By Eric Roston
It’s a number with a name its inventors concede is baffling. But it may also be, as many in the field have called it, the most important number you’ve never heard of. The “social cost of carbon,” or SCC, was created to show policy makers the gap between the market price of fossil fuels and the cost of the environmental damage they cause. The Trump administration all but ignored climate accounting in its regulations, but President Joe Biden has ordered his staff to move promptly to calculate new social cost estimates for CO₂, plus nitrous oxide and methane.
1. What is the social cost of carbon?
It’s a tool used in federal benefit-cost analysis to account for the damage greenhouse gas pollution inflicts on society, whether it comes in the form of deadly heat waves, water shortages or disappearing crops or animals. One of its champions, Michael Greenstone, says it can also be regarded as “the benefit, in money terms, of reducing carbon emissions.” Those benefits can justify regulations that make polluting activities more expensive. To distinguish among the effects of the greenhouse gases, the SCC in recent years has fractured into separate “social costs” of CO₂, methane and nitrous oxide.
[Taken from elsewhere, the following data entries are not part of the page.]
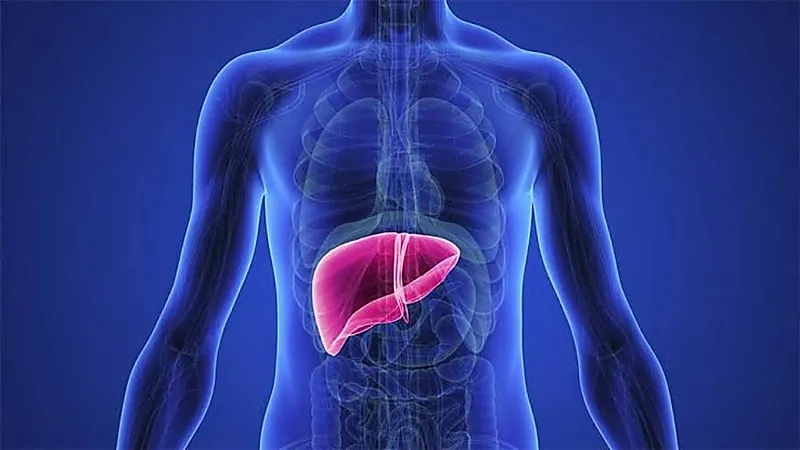 نظام غذائي يحافظ على الكبد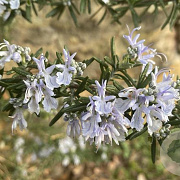 Rosmarinus off. 'Taylor's Blue' GM P13 Biologisch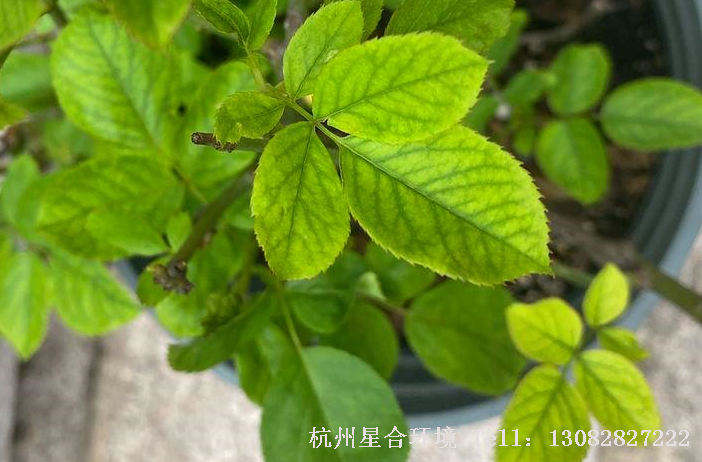绿化养护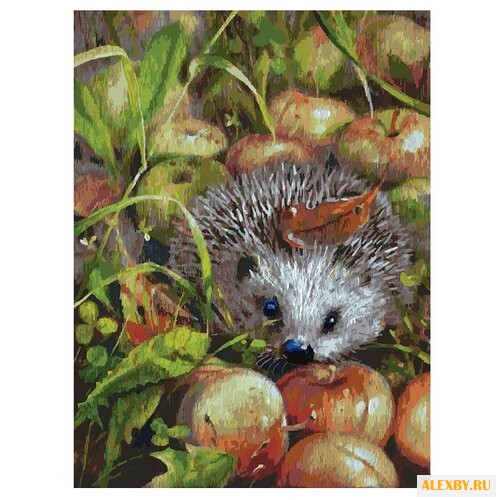 Белоснежка Картина по номерам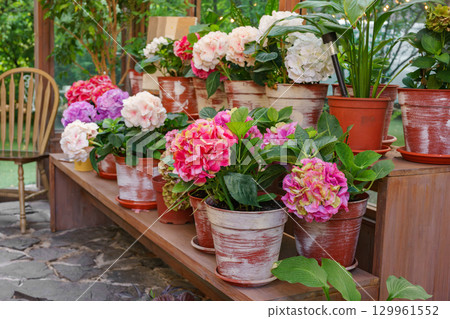 Wooden greenhouse full of blooming flowers and lush plants in bright and vibrant summer garden 129961552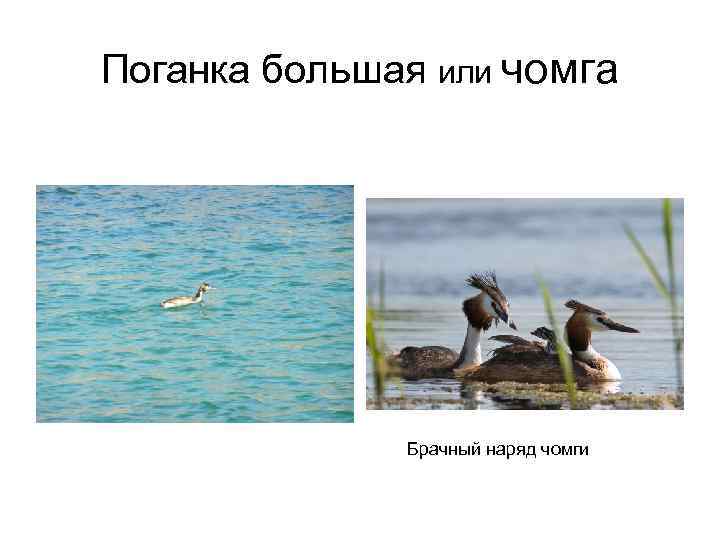 Поганка большая или чомга Брачный наряд чомги 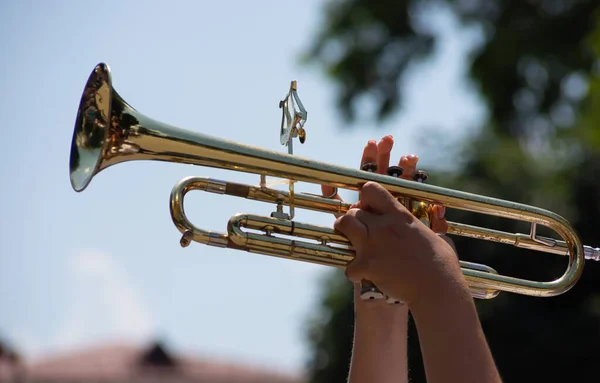 Tocar Instrumento Bronze Banda Militar Apresenta Festival — Fotografia de Stock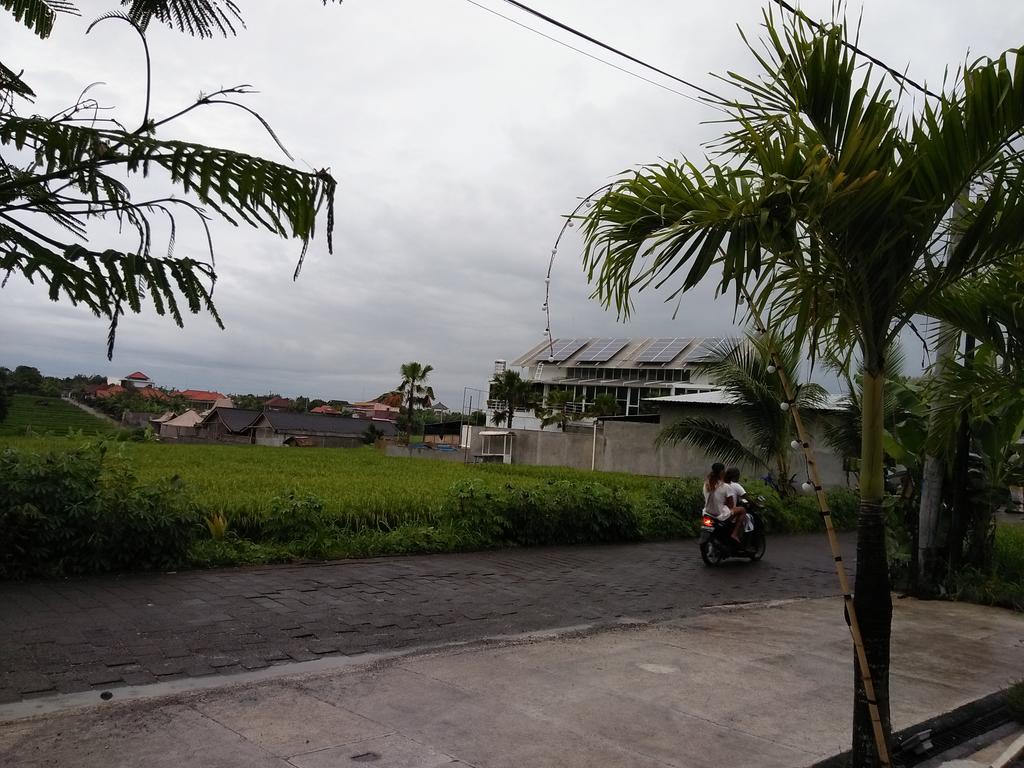 The Wina Guest House 2 Canggu Εξωτερικό φωτογραφία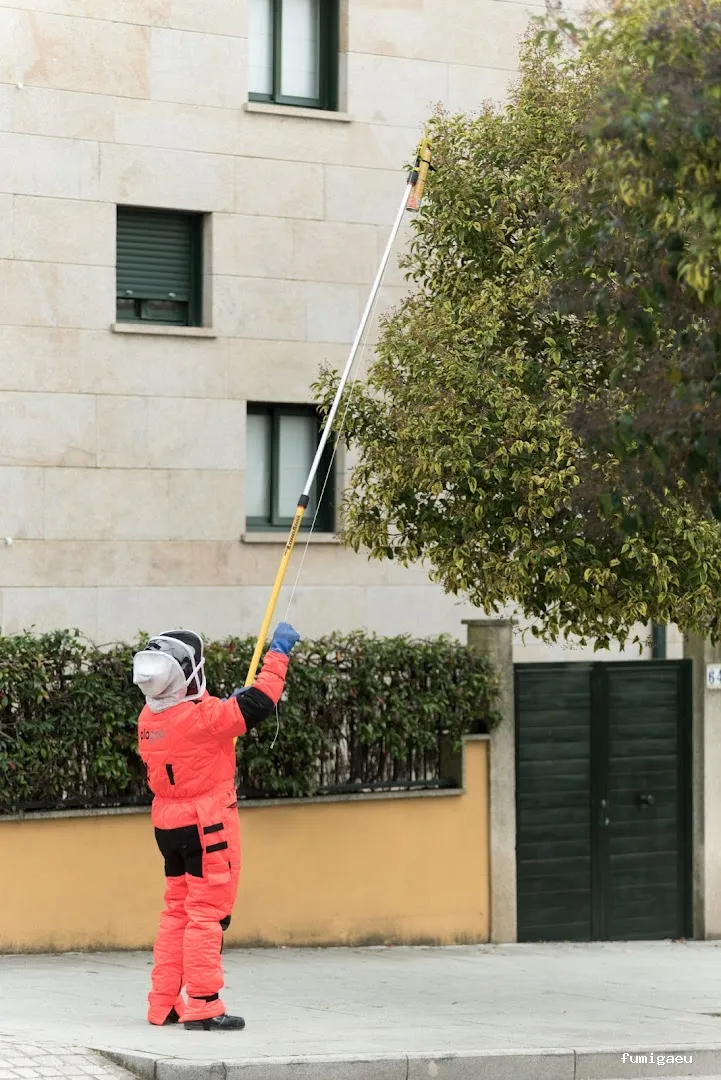 PLAGOO Gestión y Control de plagas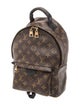 Louis Vuitton LV Monogram Palm Springs PM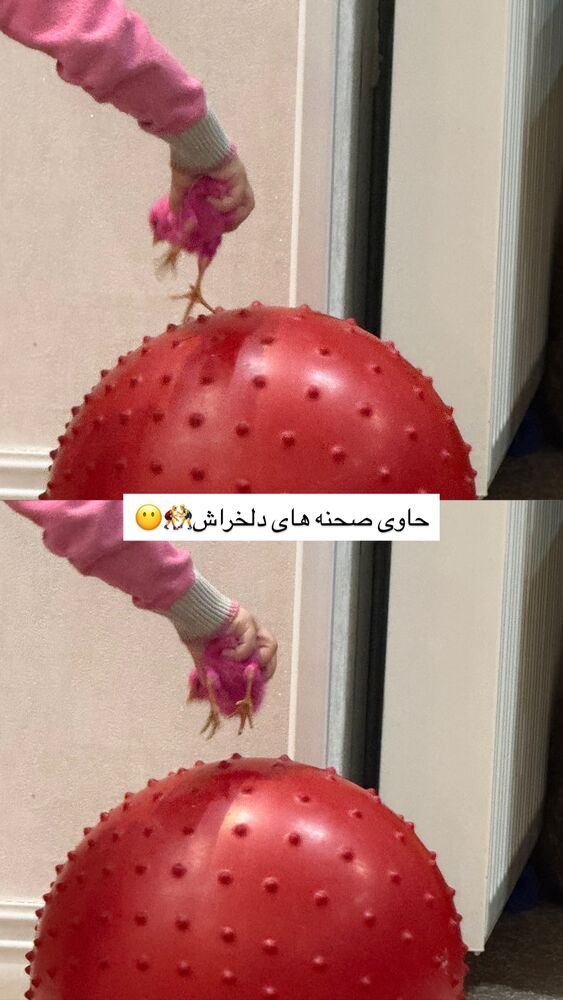  جدید ترین استوری اینستاگرام مهدیه سادات میرجلیلی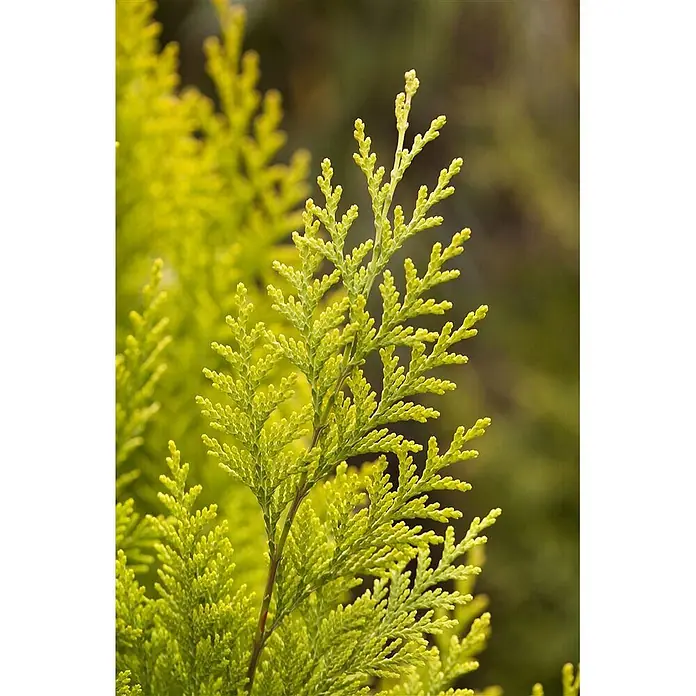 Pflanzen für dich Lawsons Scheinzypresse 40-50 cm - Chamaecyparis lawsoniana 'Ivonne', Aktuelle Wuchshöhe: 40 cm - 50 cm - Leuchtend goldgrüner Koniferenzweig mit strukturierter, schuppenartiger Belaubung.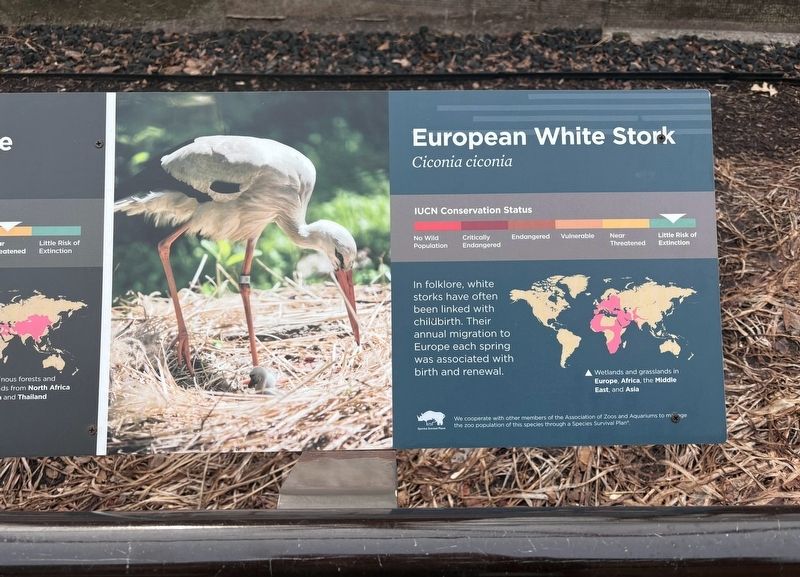 European White Stork Marker image. Click for full size.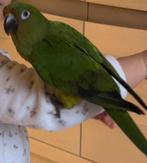 Cherche conures, Dieren en Toebehoren, Vogels | Parkieten en Papegaaien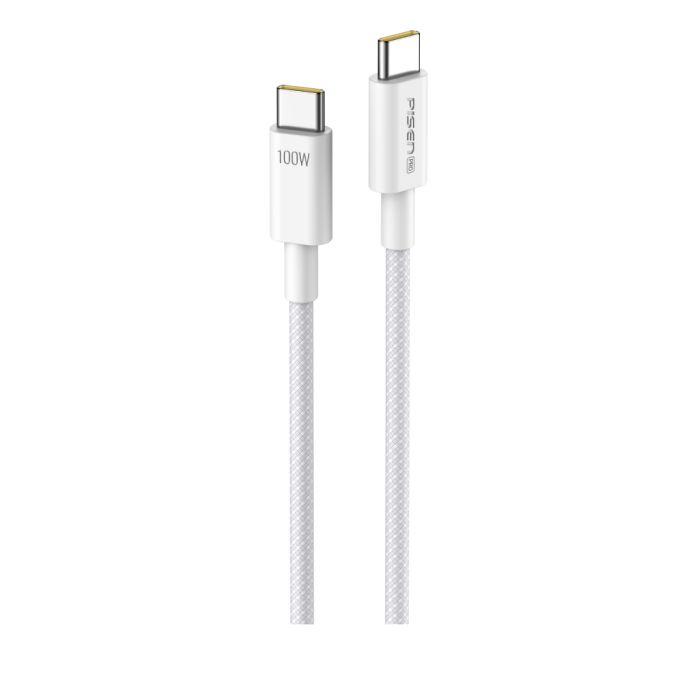 PISEN PRO C to C 100W Braided Charging Cable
2. Where does the number come from?
A federal court slapped the Department of Transportation in 2008 for failing to account for the benefits of cutting carbon-dioxide emissions. In the early years of the Obama administration, Greenstone, now the Milton Friedman Distinguished Service Professor in Economics at the University of Chicago, and Cass Sunstein, a law professor at Harvard University then working at the White House, led a team that developed a formula that agencies could use to factor in the benefit of avoiding emissions when pricing out a new policy. Social-cost estimates can also help inform legislation dealing with carbon pricing, such as taxes or cap-and-trade programs, although legislators tend to take into account other economic and political factors as well.